The main Latin American economies sick with Covid-19
Brazil and Mexico will see their economies fall sharply in 2020. According to the IMF, they will end in contraction of 5.8% and 9% respectively. While the Covid-19 crisis is not contained, the fractures, particularly social ones, are already deep.
Despite a disastrous health toll (150,000 dead and 5 million confirmed cases), the recession will probably not be as deep as expected in Brazil. The IMF, which predicted a historic drop of 9.1% of GDP this year, revised its forecasts downwards: -5.8% (including -7% in the first half), with a slight recovery of 2.8% of GDP next year.
Exceptionally high risks in Brazil
But the risks, underlines the IMF, are “multiple and exceptionally high”. Why ? Mainly because the government has spent the equivalent of 18% of the GDP to rescue the poor and does not really know how to deal with the future. Because on the one hand, imbalances have become dangerously accentuated: the Fund estimates that the primary budget deficit will rise to nearly 12% of GDP in 2020, and that the gross debt will reach 100% of GDP. But on the other hand, the government is trying to put in place a form of social protection, which at the same time guarantees the popularity of President Bolsonaro without compromising public finances.

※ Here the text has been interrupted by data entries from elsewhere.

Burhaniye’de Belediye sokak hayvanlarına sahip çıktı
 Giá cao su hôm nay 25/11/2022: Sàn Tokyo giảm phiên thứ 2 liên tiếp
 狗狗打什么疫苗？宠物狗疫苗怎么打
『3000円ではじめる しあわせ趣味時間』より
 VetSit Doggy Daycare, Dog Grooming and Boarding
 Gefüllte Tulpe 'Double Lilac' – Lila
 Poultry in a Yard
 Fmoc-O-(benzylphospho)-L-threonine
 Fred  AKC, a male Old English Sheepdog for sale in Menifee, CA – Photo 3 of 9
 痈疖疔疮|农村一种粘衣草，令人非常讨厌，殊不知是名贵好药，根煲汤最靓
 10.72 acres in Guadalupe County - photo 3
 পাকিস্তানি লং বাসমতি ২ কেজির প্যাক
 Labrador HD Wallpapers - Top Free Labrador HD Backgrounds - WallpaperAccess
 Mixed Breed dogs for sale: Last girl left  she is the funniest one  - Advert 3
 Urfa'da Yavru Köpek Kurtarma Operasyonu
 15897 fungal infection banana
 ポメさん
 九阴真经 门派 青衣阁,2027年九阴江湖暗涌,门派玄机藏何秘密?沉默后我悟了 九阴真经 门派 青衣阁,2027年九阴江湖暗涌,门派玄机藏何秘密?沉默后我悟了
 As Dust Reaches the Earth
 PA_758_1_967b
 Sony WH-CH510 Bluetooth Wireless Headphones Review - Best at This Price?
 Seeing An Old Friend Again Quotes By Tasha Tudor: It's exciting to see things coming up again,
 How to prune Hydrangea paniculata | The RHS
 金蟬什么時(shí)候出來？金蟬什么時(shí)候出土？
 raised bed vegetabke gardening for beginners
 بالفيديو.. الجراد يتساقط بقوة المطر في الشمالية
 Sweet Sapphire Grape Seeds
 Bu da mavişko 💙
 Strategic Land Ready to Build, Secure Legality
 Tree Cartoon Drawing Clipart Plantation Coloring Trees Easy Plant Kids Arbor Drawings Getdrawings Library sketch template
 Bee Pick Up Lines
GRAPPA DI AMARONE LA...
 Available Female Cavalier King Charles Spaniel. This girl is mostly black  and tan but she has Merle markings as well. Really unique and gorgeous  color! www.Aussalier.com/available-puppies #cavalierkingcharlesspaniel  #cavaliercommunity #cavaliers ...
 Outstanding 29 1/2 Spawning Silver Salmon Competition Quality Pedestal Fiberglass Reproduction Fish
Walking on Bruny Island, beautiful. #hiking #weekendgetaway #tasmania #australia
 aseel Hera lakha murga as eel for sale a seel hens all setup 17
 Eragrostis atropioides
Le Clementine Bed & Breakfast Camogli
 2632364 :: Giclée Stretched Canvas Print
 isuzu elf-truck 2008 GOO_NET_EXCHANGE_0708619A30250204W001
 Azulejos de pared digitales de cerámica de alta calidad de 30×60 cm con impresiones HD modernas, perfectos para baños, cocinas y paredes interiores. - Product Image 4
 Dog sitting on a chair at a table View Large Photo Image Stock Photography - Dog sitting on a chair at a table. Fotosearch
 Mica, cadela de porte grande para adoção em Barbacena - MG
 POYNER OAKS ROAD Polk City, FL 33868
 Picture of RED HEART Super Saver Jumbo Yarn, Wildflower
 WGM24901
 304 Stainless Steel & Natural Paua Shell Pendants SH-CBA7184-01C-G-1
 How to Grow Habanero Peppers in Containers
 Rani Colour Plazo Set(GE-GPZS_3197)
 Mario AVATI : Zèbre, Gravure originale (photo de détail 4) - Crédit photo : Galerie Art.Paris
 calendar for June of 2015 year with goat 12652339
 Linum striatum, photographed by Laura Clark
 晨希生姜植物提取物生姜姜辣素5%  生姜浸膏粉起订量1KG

After several weeks of boondoggle and infighting, the government is still looking for this magic formula… This, while the health crisis is still far from being mastered. For the IMF, there is “an extraordinary high degree of uncertainty regarding the evolution of the pandemic”.
Mexico’s bad accounts
Mexico is not following the same trend as Brazil, its economy to be particularly affected by the coronavirus crisis. Even if the IMF has revised and improved its forecasts, it expects a contraction of 9% of GDP in 2020 (10.5% initially forecast). “Based on these projections, it will take several years for employment, income and poverty to return to pre-pandemic levels,” warns the Fund.
Ten years of efforts reduced to nothing
The Washington institution believes the country’s progress over the past decade has been wiped out, and now “Mexico’s longstanding problem of weak growth looks set to worsen.”
President Andres Manuel Lopez Obrador (AMLO) has long been heavily criticized for his mismanagement of the Covid-19 pandemic. He made late health decisions and for a long time resisted unbalancing his budget to support activity. Now, health authorities report 800,000 reported cases and 82,700 deaths. The effect on employment is very clear with around 12 million workers who have lost their jobs, mainly in the informal sector.
According to the monetary institution, a “two-speed” recovery is underway, with a rebound in manufacturing industry driven by external demand, although domestic demand remains weak. President AMLO who, before the coronavirus crisis was hoping for a dynamic 2020 thanks to his recovery plan and the fallout from the trade agreement with the United States and Canada, must redo his calculations. The Fund, for its part, believes that the government should implement a full set of short-term budgetary and monetary support measures, and “credible” reforms in the medium term to stimulate investment and growth.
Because the risks hanging over Latin America’s second largest economy are real: a possible resurgence of Covid-19, a prolonged disruption in labor markets, new global financial volatility, lower oil prices and negative growth among the main trading partners.